Technology has the power to transform education in the UK for the better, but is not being used to full effect because teachers often do not know how best to utilise it.
According to new research from the National Endowment for Science, Technology and the Arts (Nesta), the UK's innovation foundation, schools believe the hype when it comes to digital education and are spending more than £450 million a year, despite having little evidence of the actual benefits this will bring.
However, its Decoding Learning report also indicated that technology is only really beneficial when it is combined with effective teaching methods and practices. In reality, technology is often introduced without any changes to either teaching or school organisation.

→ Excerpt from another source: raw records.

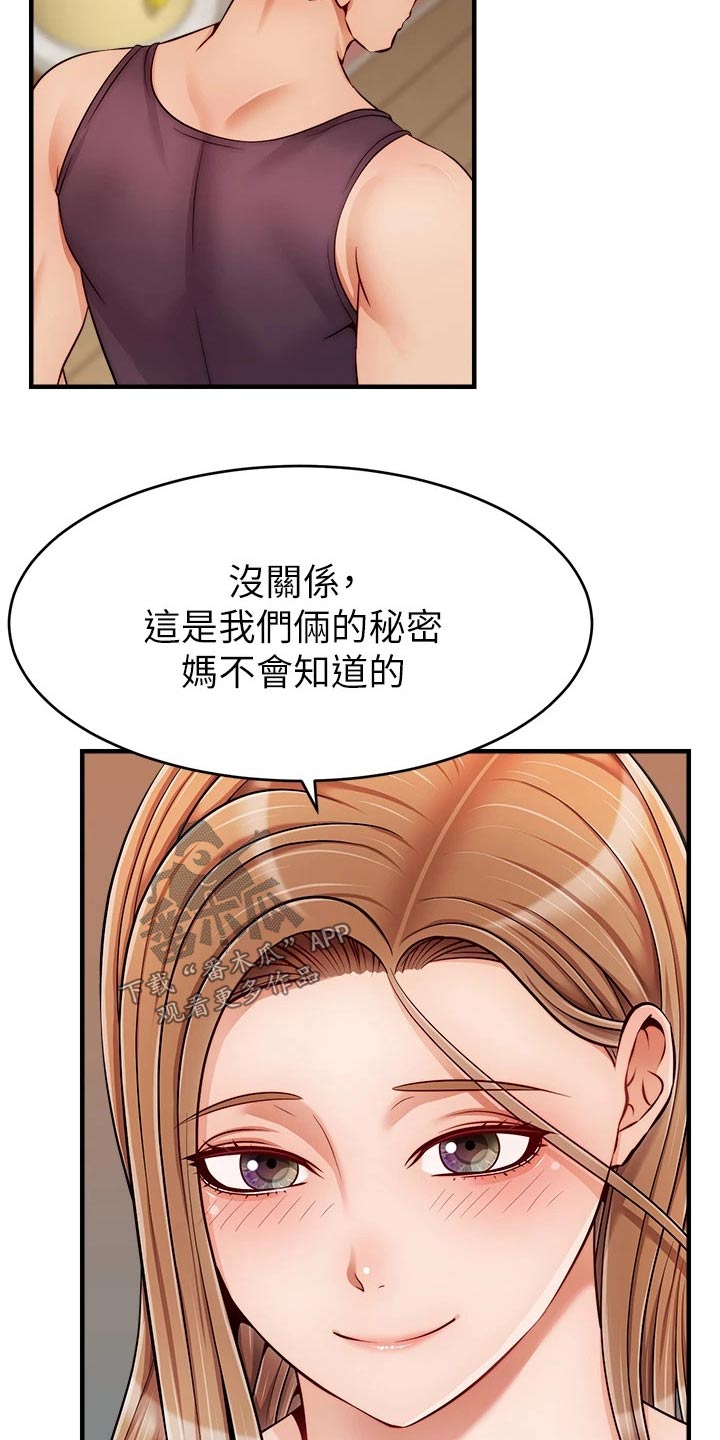 家人的意义漫画,第51章：越线4图
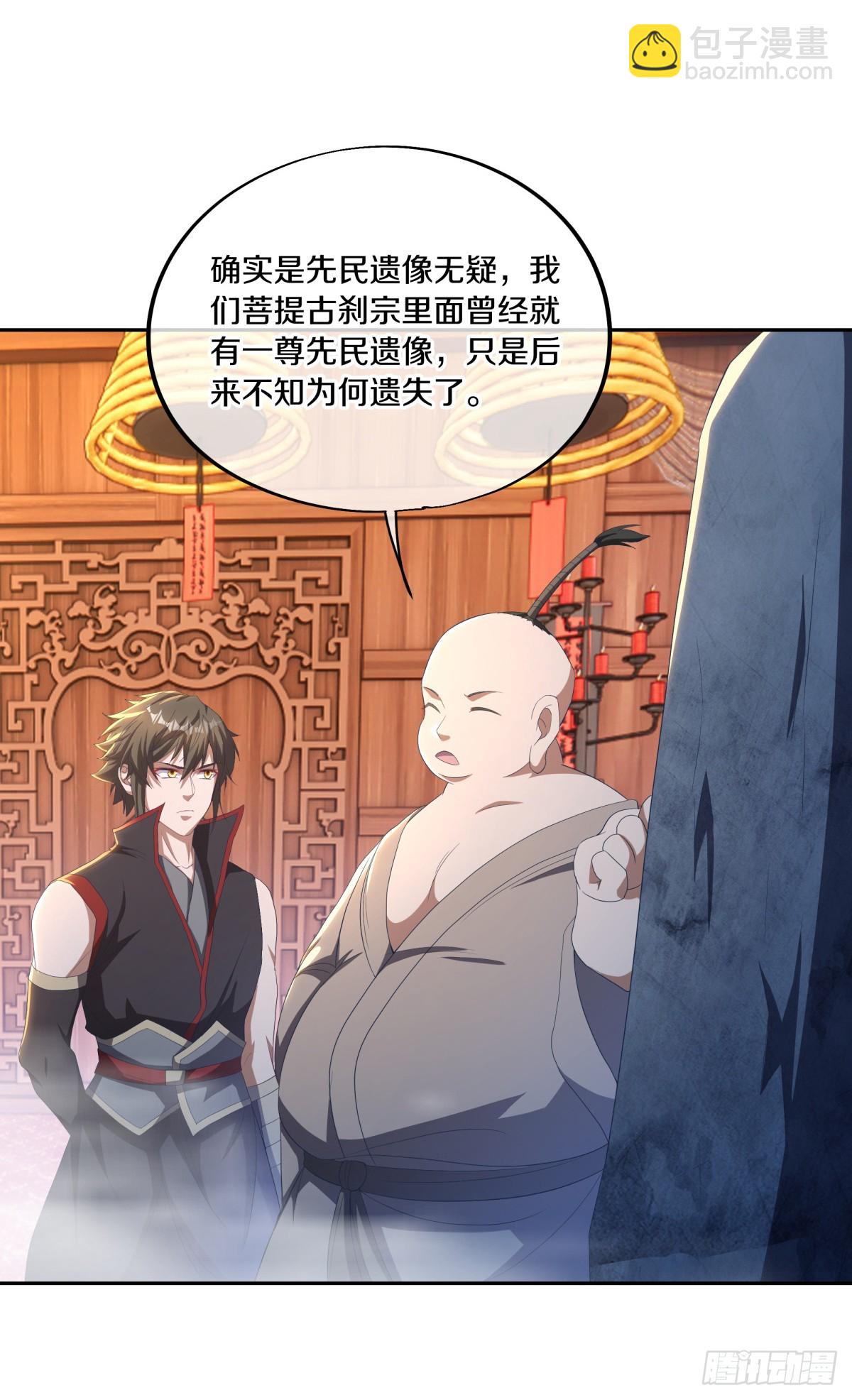 絕世戰魂 - 第682話 仙褔道靈(1/2) - 4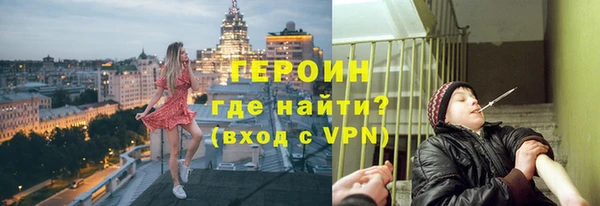 прущие крисы Мегион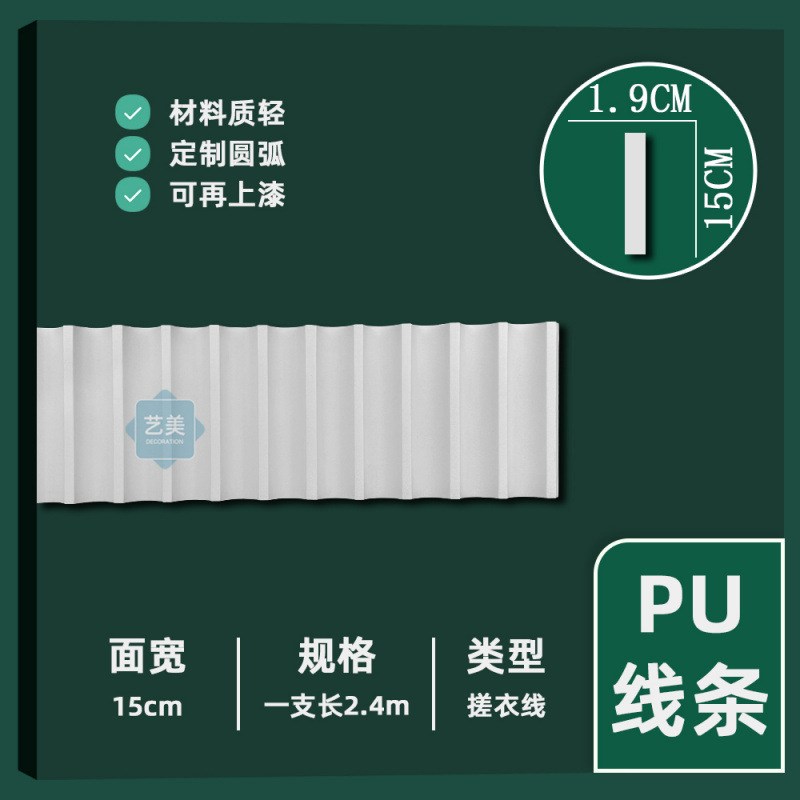 폭 15cm 빨래줄 [길이 2.4m /개]♥✡✡✩✩♥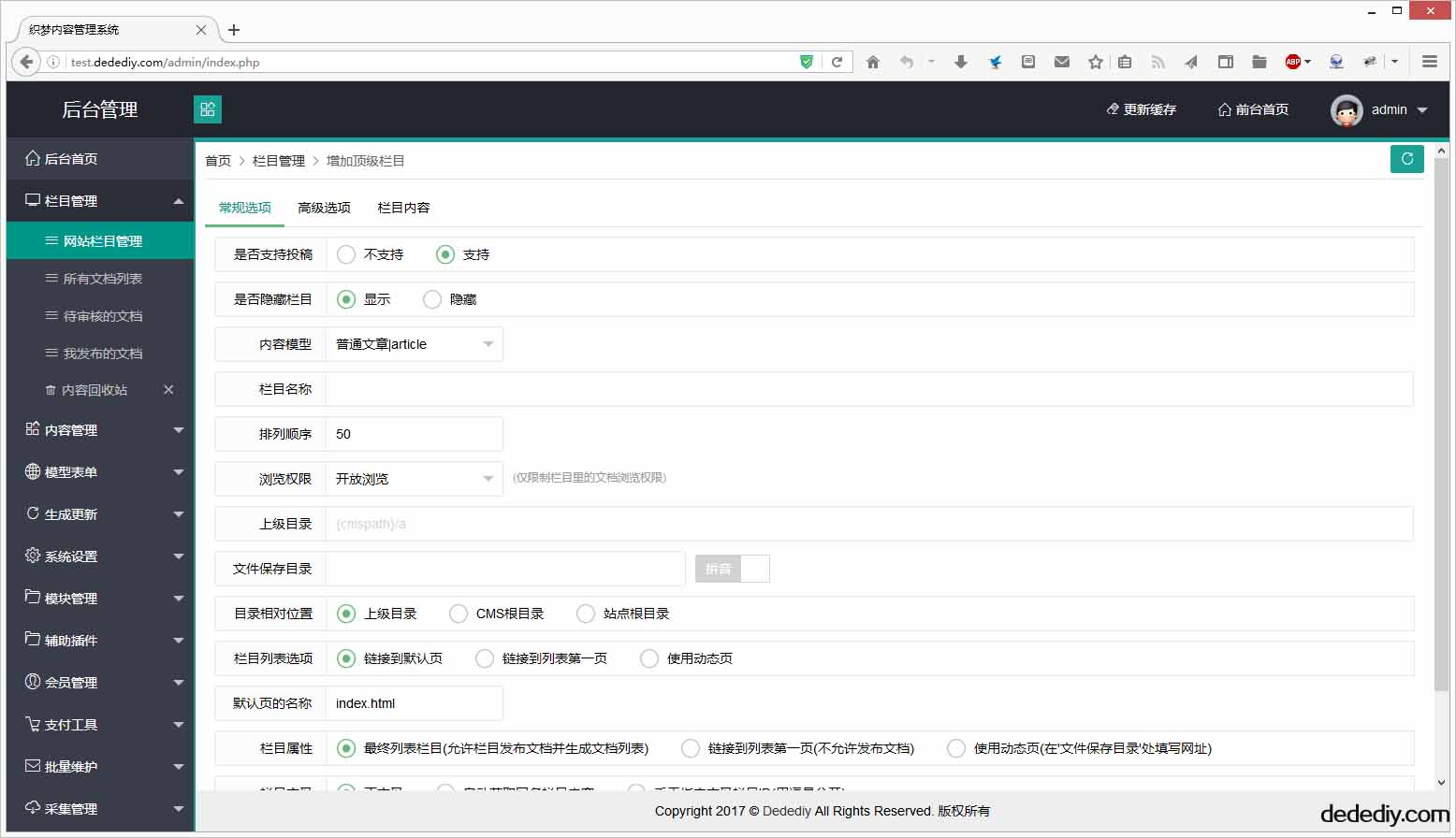 图片[3]-K385 织梦非常漂亮简洁的layui框架后台模板-玩吧资源站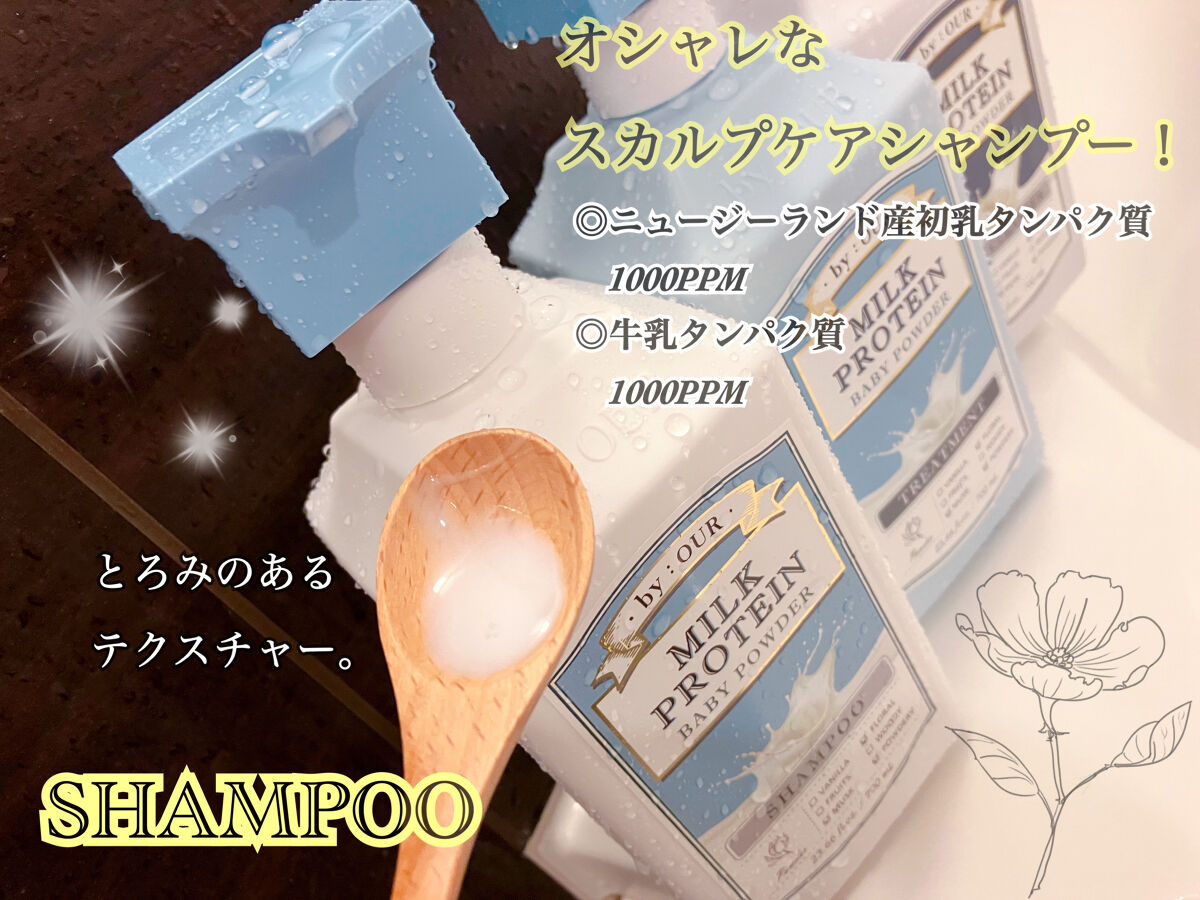 ミルクプロテイン ボディクレンザー ベビーパウダー/by : OUR/ボディソープを使ったクチコミ（2枚目）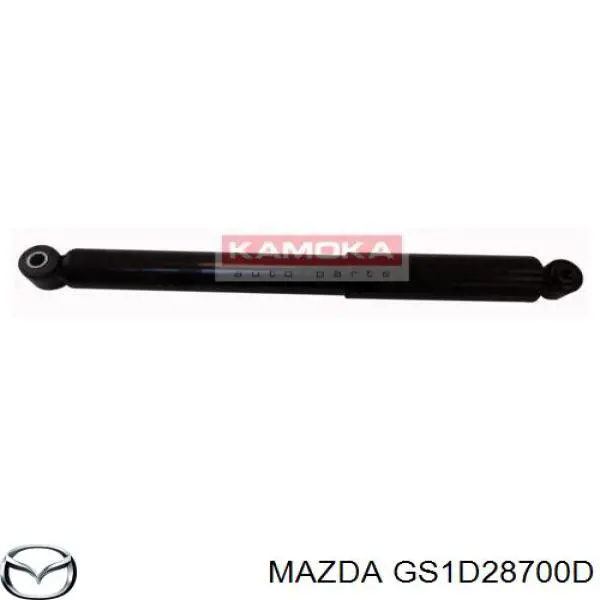 GS1D28700D Mazda амортизатор задній
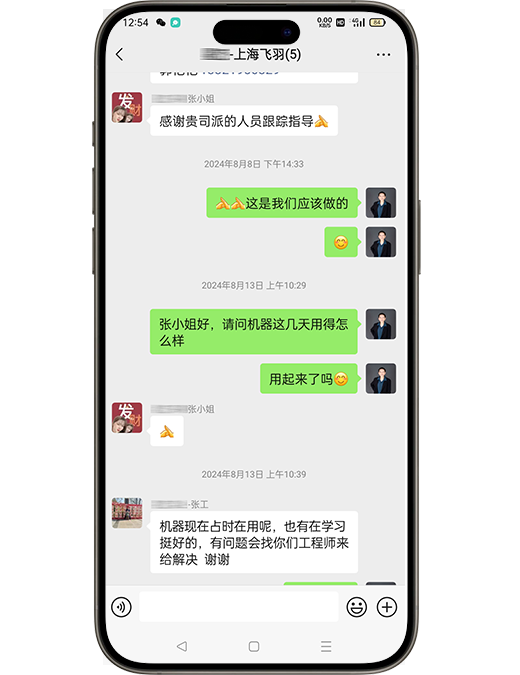 来自老客户的回复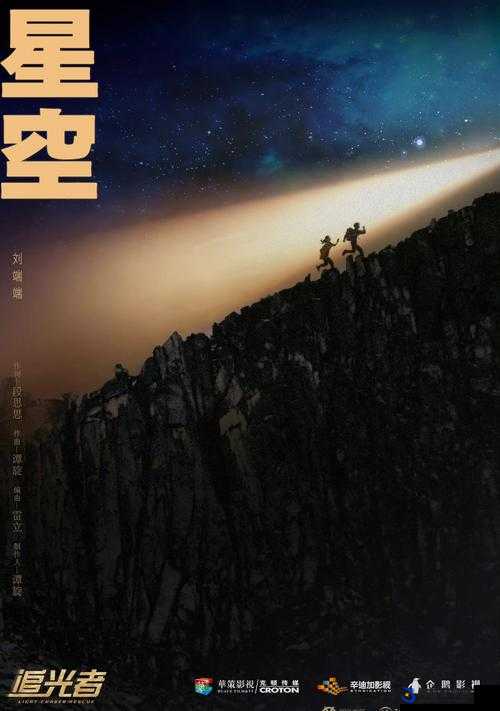 星空无限影视传媒有限公司全新大片即将来袭：震撼你的视听感官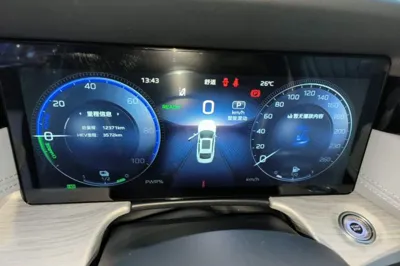 Hongqi H5 PHEV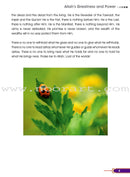 Islamic Studies: Grade 7 - Damaged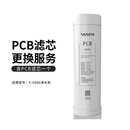 VASEN伟星家用厨房智能 &反渗透过滤直饮双出水净水机X-500G配件 X-500G滤芯PCB（不包安装）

With an ever-greater amount of school budgets going towards technology, it is becoming increasingly important for schools to ensure that they have a clear understanding of its potential benefits.
It is also incumbent on them to train existing staff and hire people to teaching jobs with the skills required to utilise these technologies.
Nesta said that schools are purchasing tablets, voting pods, smart whiteboards and interactive games with the expectation of significantly enhanced learning, but have failed in many cases to demonstrate any perceptible improvements in teaching standards.
Geoff Mulgan, chief executive of Nesta, attempted to get to the heart of the problem, noting: "A tablet replacing an exercise book is not innovation - it's just a different way to make notes. There's incredible potential for digital technology in and beyond the classroom: but as in other fields, from healthcare to retail, it is vital to rethink how learning is organised if we're to reap the rewards."
"The danger is that the technology of the 21st century is being applied using teaching methods of the 20th. The emphasis is too often on shiny hardware - rather than how it's to be used."
The Decoding Learning report concluded that education technology must be designed around how students are learning and deployed to support existing teaching practices, rather than looking to fundamentally change classroom teaching.